If approved by the government, the amended Ordinance on Personal Income Tax for High Income Earners would come into effect early next year. Business leaders see the proposal as a good reason for foreign businesses to recruit more Vietnamese staff.
The income tax threshold for Vietnamese employees currently stands at VND3 million ($195), which discourages companies from paying their staff high salaries.
Foreign employees, on the other hand, can earn up to VND8 million ($516) without being taxed.
“Such a low tax threshold for Vietnamese and the big gap for foreigners explains why we prefer to hire foreigners as it is cheaper for us,” said Juan Ricardo Rothe, chief representative of Siemens AG Vietnam.

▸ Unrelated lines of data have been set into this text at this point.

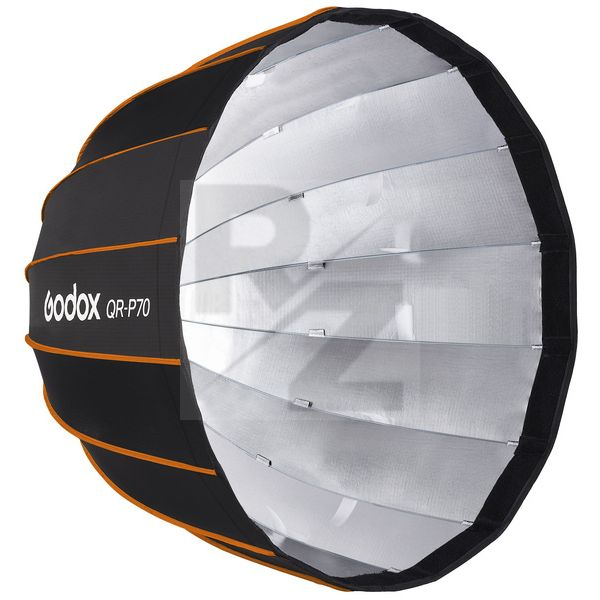 Godox QR-P70 Parabolic Softbox Image Godox QR-P70 Parabolic Softbox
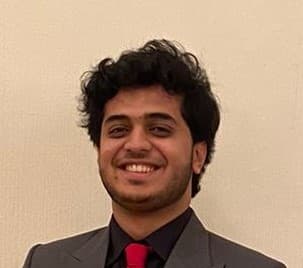 Headshot of Abdus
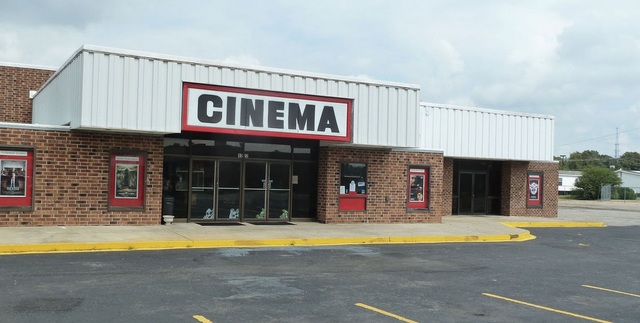 Roanoke Rapids Cinema 1 & 2.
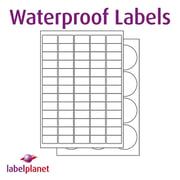 Waterproof Labels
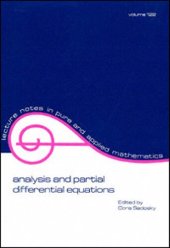 book Analysis and partial differential equations : a collection of papers dedicated to Mischa Cotlar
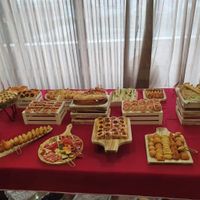 Pequeno-almoço antes do casamento - 4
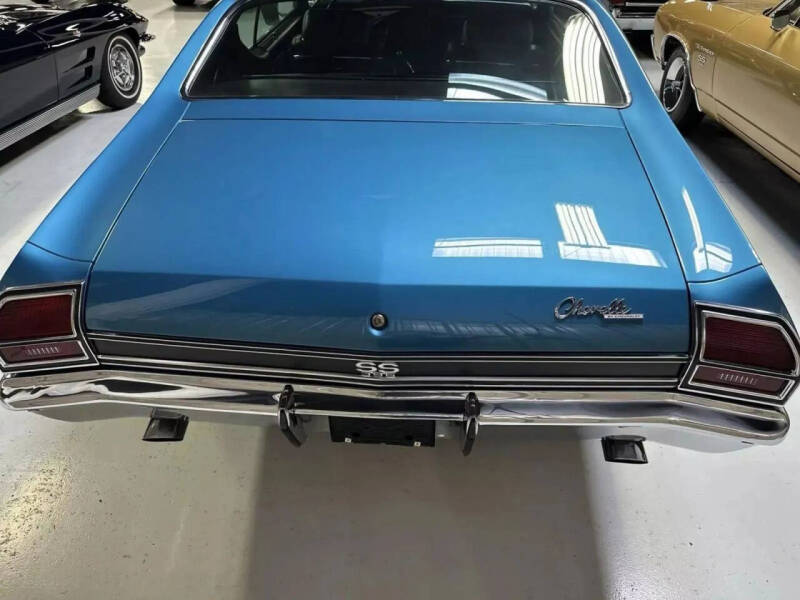 1969 Chevrolet Chevelle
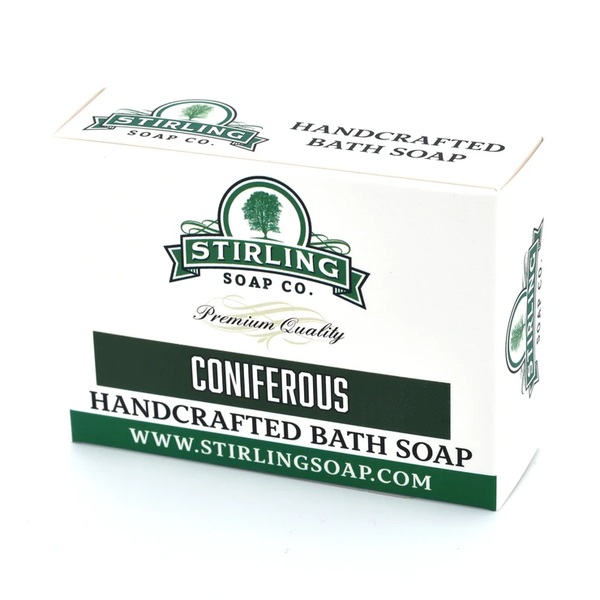 Stirling Soap Co. | Coniferous Bath Soap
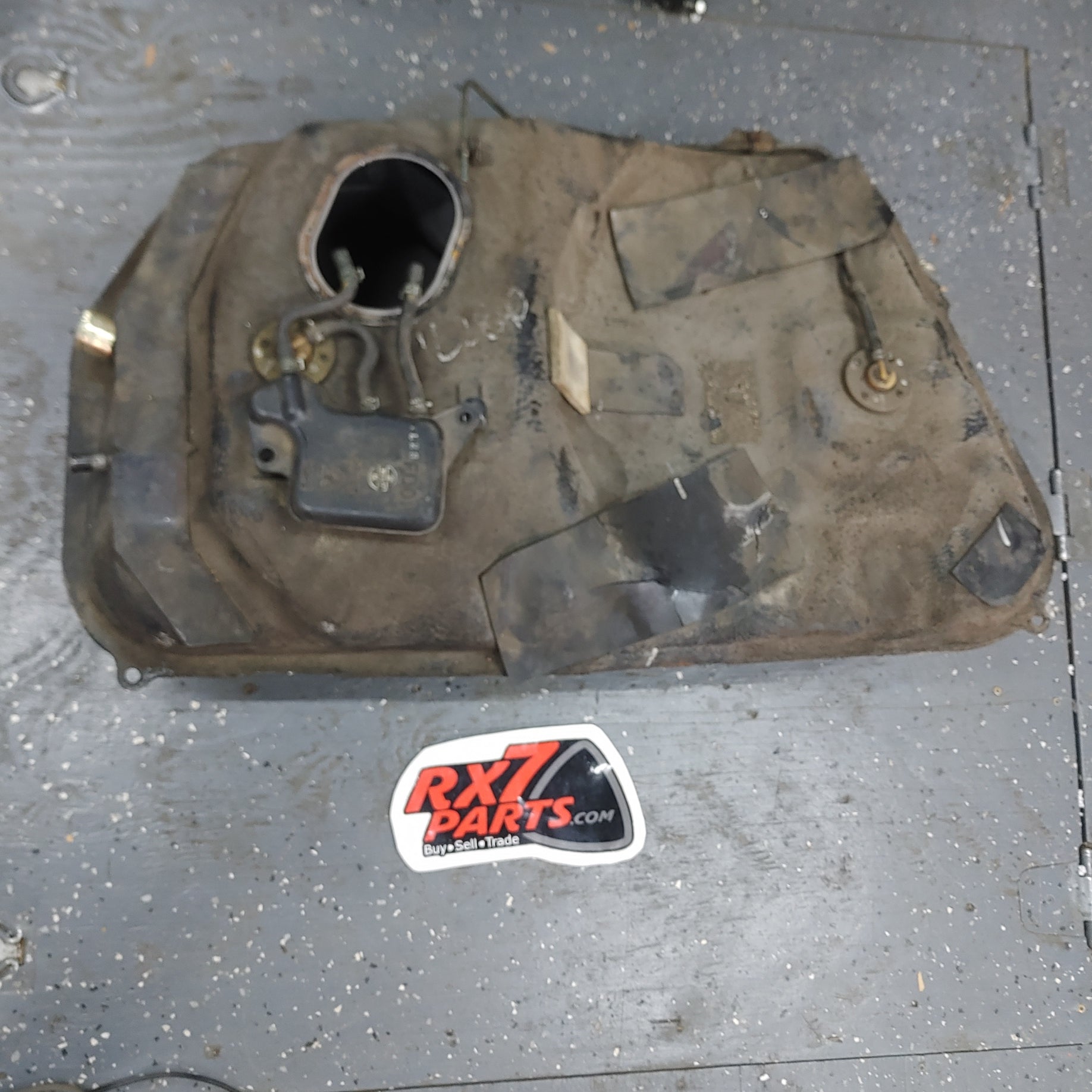 Fuel Tank Race Setup  S4B0/393 RX7 FD FD3S 93 - 02 Mazda - RX7Parts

Nguyen Thi Cuc, deputy director of the General Department of Taxation, confirmed it had proposed the new income tax threshold and a raft of other amendments in favour of Vietnamese employees.
The gaps between taxable incomes for each tax rate will widen, she said. The surtax of 30 per cent that employees currently have to pay if their after-tax income exceeds VND15 million ($967) will be eliminated. The highest tax rate of 50 per cent will also be removed.

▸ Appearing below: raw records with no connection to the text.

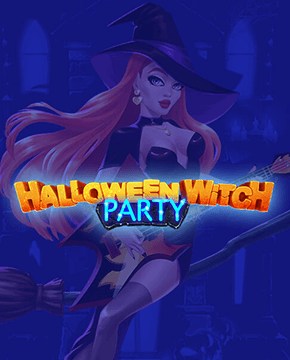 Играть в игровой автомат Halloween Witch Party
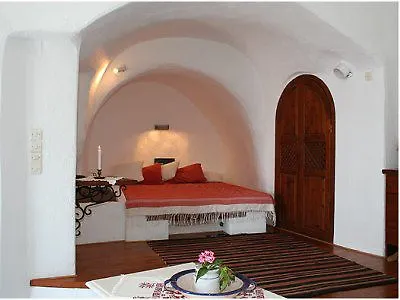 Appartement Lava Oia's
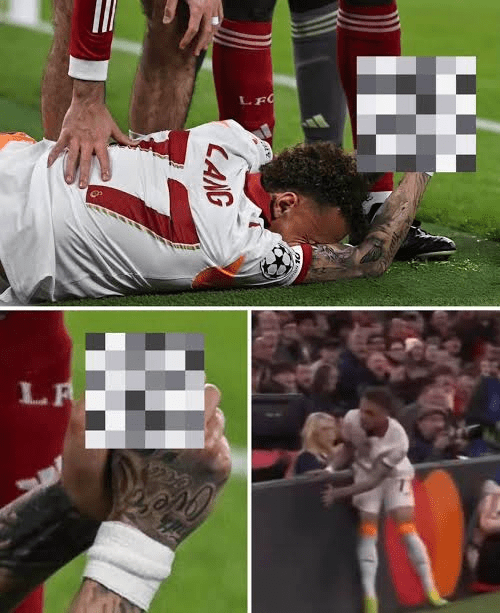 '손가락 반쯤 절단→피범벅 들것 OUT'...'끔찍 부상 발생'에 갈라타사라이, 강경 대응 예고 "피해 보상 요구"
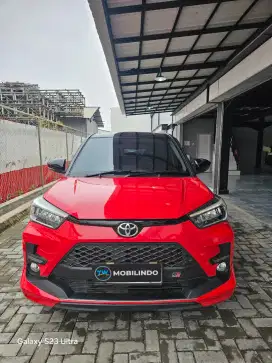Raize GR 1.0 Turbo AT 2022 Two tone dp 18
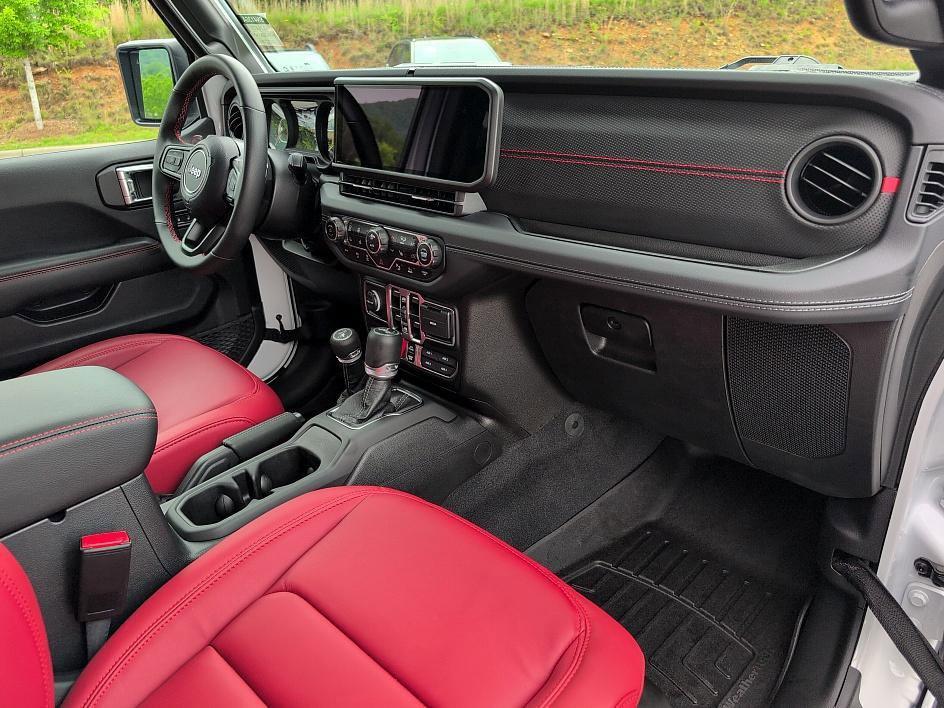 used 2024 Jeep Wrangler car, priced at $79,706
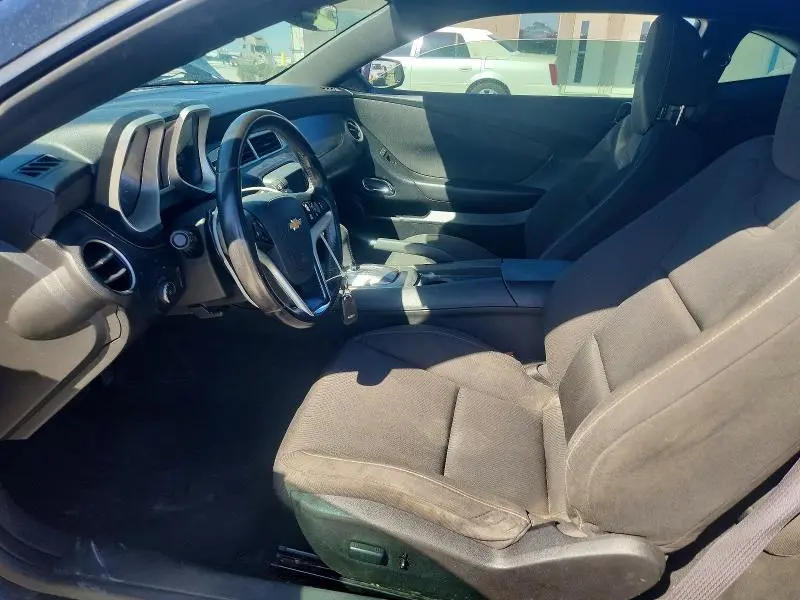 2015 CHEVROLET CAMARO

The department estimates that the increase in the tax threshold would lead to a drop of roughly VND300 billion ($19.3million) in annual budget revenues.
However, it expects that the amount will be recouped through other proposed tax changes, such as taxes on income derived from the transfer of land use rights and on irregular incomes that fall outside the current tax system.
The proposed amendment also includes an elimination of the discrimination between regular taxable income like salaries, allowances, bonuses and irregular taxable income like gifts, lottery winnings, transfer.
“Some incomes are difficult to classify as regular or irregular such as commission, money for science research,” an MoF official said.
“It is suggested that all of these incomes should be put under a group so called ‘labour income’. All of the amendments aim at creating a more properly regulated tax system,” the official said.